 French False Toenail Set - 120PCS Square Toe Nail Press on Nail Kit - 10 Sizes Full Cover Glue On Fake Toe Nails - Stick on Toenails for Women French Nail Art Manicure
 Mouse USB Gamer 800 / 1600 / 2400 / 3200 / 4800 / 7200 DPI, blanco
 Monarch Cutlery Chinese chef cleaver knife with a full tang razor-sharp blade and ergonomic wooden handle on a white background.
--
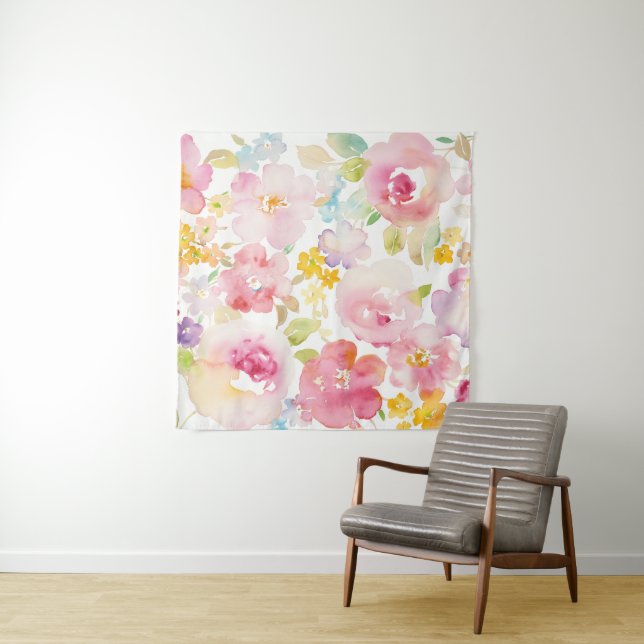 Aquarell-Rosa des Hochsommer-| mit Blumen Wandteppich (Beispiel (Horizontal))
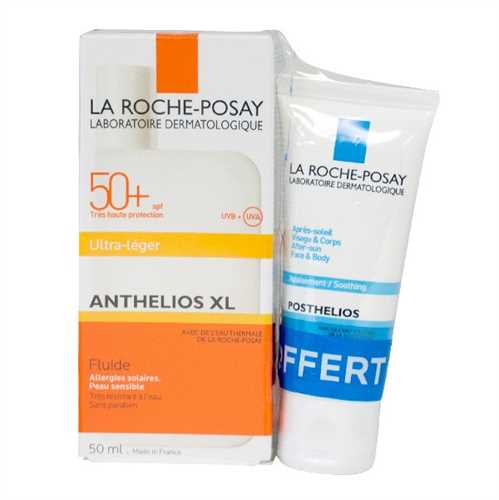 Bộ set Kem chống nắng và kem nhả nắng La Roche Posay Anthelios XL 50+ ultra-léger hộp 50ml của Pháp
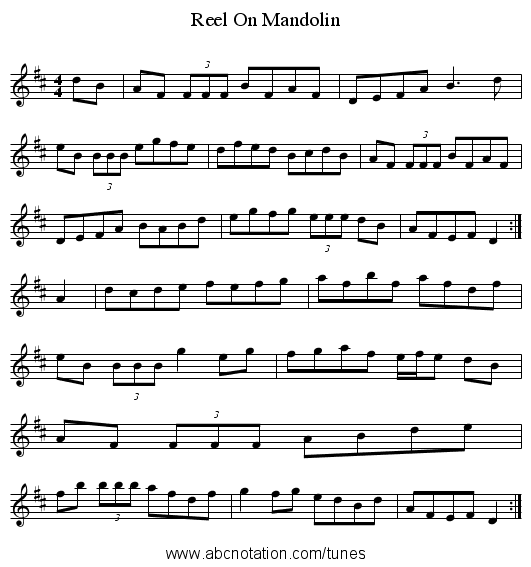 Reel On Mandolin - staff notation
---
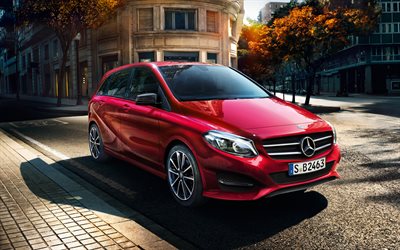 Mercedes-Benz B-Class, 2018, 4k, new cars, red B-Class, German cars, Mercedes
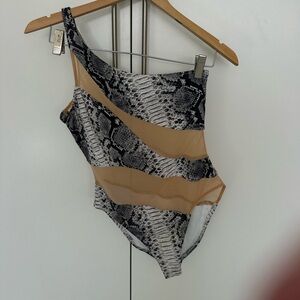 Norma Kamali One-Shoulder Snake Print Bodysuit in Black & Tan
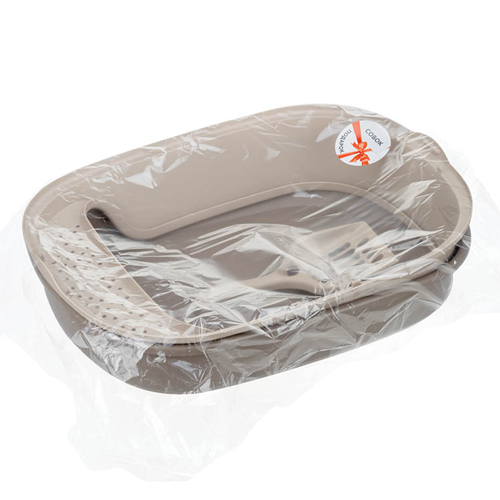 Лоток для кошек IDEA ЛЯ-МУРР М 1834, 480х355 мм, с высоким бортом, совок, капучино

◆ **Task directions**
Look back at the data above, then output exactly the lines from the line holding "Bộ set Kem chống" up to and including the line holding "Reel On Mandolin - staff notation". Leave out the pictures.

◆ **Reply to the exercise**
 Bộ set Kem chống nắng và kem nhả nắng La Roche Posay Anthelios XL 50+ ultra-léger hộp 50ml của Pháp
 Reel On Mandolin - staff notation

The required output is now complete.